Издали откуда-то долетают до нее голоса. Кажется, Митька что-то кричит, сцепился, кажется, с Бузанихой не на шутку, рта ей раскрыть не дает. Наташка идет к своим коровам — они у нее в дальнем углу, у самых ворот, густо ворсящихся по щелям инеем, все в матовой клепке льда. Внизу, у порога, набились, сияют дробной чередой ледяные шишки. Отпихивая коровьи морды, Наташка старается ровнее растащить по кормушке солому, политую кашей. Коровы хватают корм, шумно дышат в него осклизло-твердыми раздувающимися ноздрями.
Она улыбается, припомнив вдруг, как скотник, маленький кривоногий казах дядя Борей, подбрасывал побольше силоса ей и как она пугалась всегда этого: «Дядя Борей, увидят — криком изойдут, ну его, не надо мне». — «Ты… щево твоя? Крищи не крищи — я отвещаю. Ай, Наташка, защем такой? Ай-ай!».

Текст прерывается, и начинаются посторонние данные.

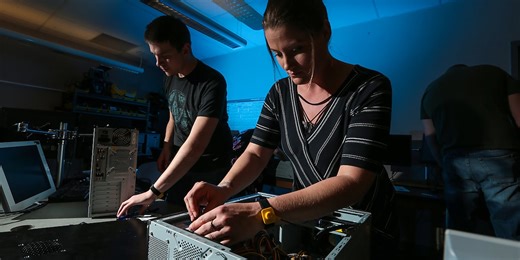 Minority students underrepresented in computer science programs at Illinois colleges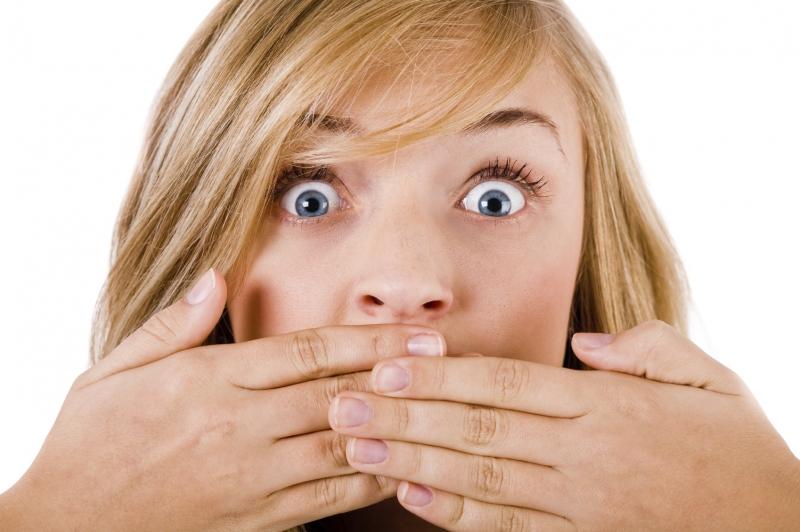 Xuất hiện mụn nước không nên hôn trẻ
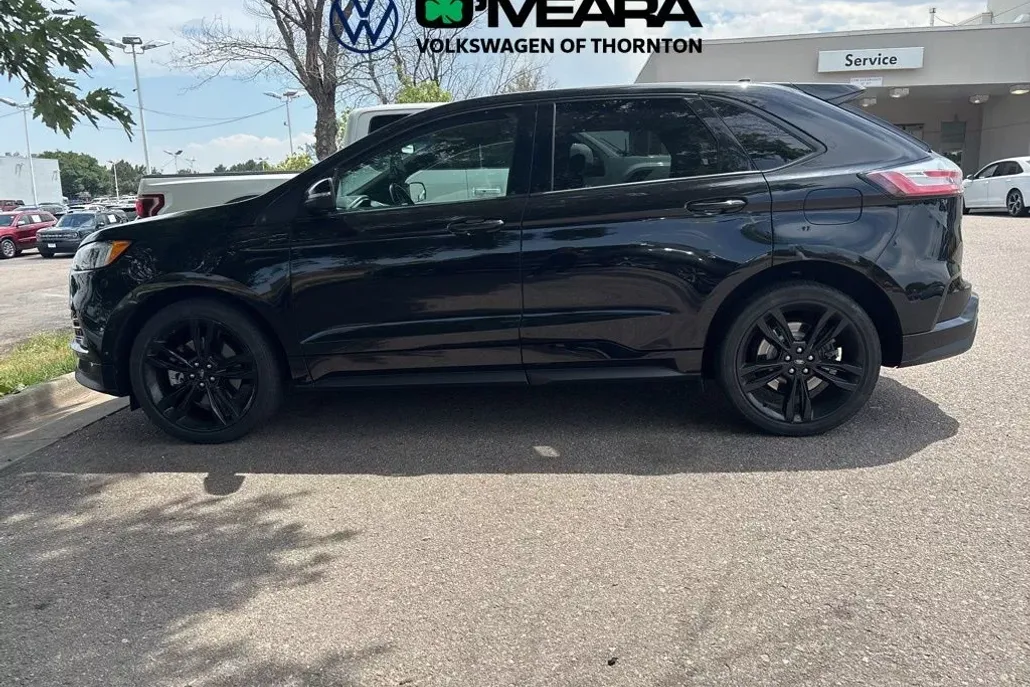 2020 Ford Edge ST photo 1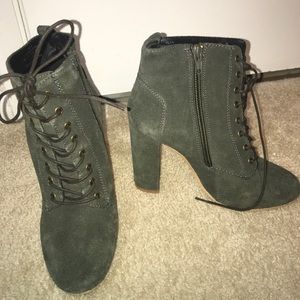 Steve Madden Macy olive suede boots 6.5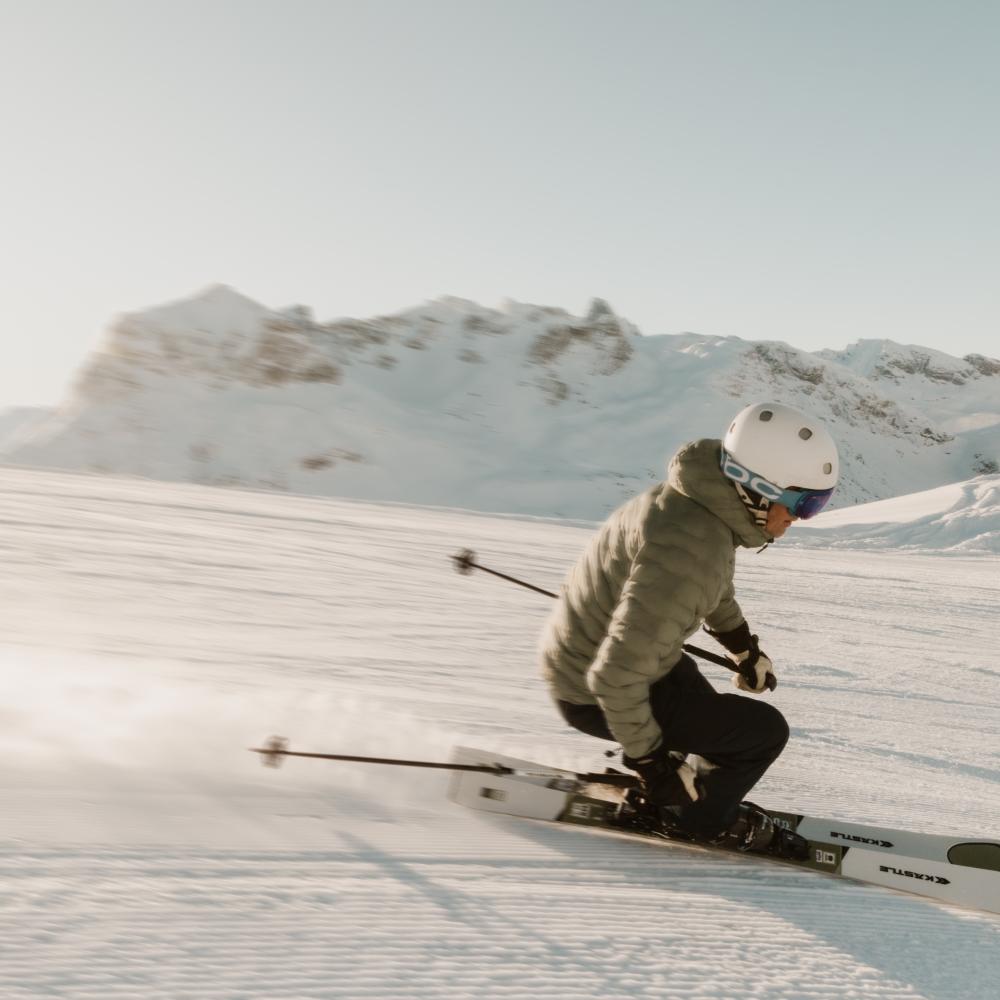 Skifahrer vor verschneiten Bergen nahe Hotel Post Lech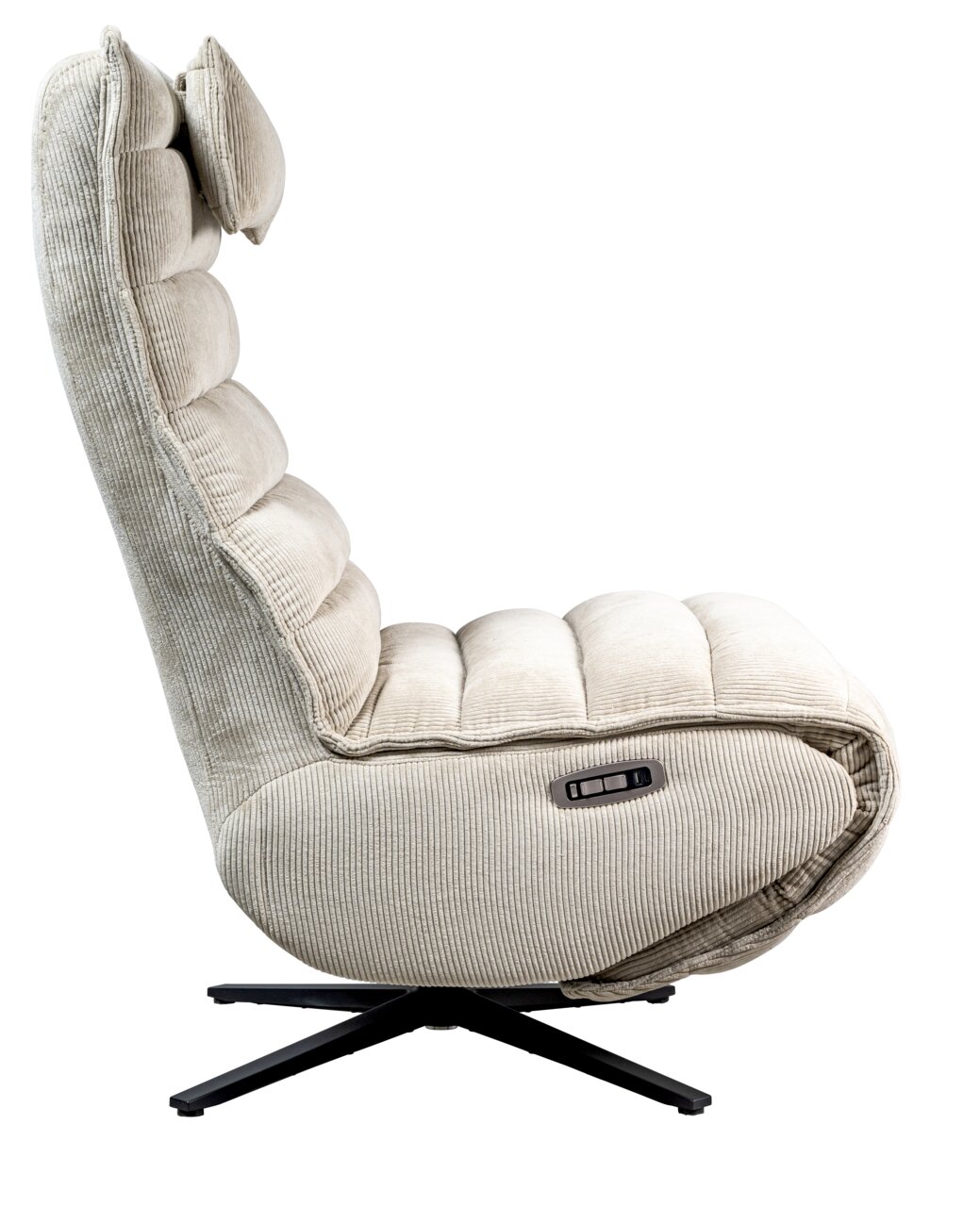 Seitenansicht einer beigen Relaxliege mit gepolstertem Design und verstellbarer Kopfstütze auf einem schwarzen Drehfuß.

— Наташка! — вдруг слышит она чей-то голос, Петровны, кажется, самой их старой доярки. — Ты чего тут сидишь, кукуешь? Айда, парторг приехал, в красный уголок велят всем идти. Пойдешь, что ль?
— Иду, сейчас я!
Наташка оглядывает коровник, расстегивает фуфайку, платок снимает и встряхивает его, отворачивая лицо. Теплую косынку спускает на плечи и черепаховой прозрачной гребенкой расчесывает отяжелевшие, уставшие за долгое это утро волосы. Чесать их приятно, гребенка длинно тянет и как бы освобождает голову, лицо, плечи от ненужной давней тяжести.
Воздух, пахнущий льдом, колючим инеем, снегами большими — сквозь щели двери наплывает просторная свежесть степи, — омывает ей щеки, лоб, невесомо трогает губы, и, расчесываясь медленно, Наташка улыбается, прикрывая в усталой и робкой отраде глаза. А Митька-то, думает она, Митька…
Опустив на минуту гребень и обирая задумчиво волосы с него, в тихом удивлении покачивает она головой.
ИЗ ЖИЗНИ РАЙОННОГО ОПТИМИСТА
I
В последнее время, сам не зная почему, Гриша Сумкин почувствовал сладенькую тягу к различным учреждениям. Едва приехав в хозяйство, он тотчас же направлялся в контору или правление, или в сельсовет, словно долгожданная встреча была ему там обещана с людьми близкими, родственными, с той приятной и даже радостной атмосферой, которая окружает события такого рода.
Но прежде чем переступить конторский порог, он приводил себя в порядок: выскребывал ногтем и подчищал рукавом пятнышко на лацкане пиджачка, трепал безжалостно штанины, поплевав на клочок бумаги, счищал пыль с туфель, словом, самым придирчивым образом прихорашивал себя. Чтобы не показать, как приятна ему собственная эта старательность, он сосредоточенно хмурился и сердито сжимал губы, образуя из них белый и жесткий розанчик.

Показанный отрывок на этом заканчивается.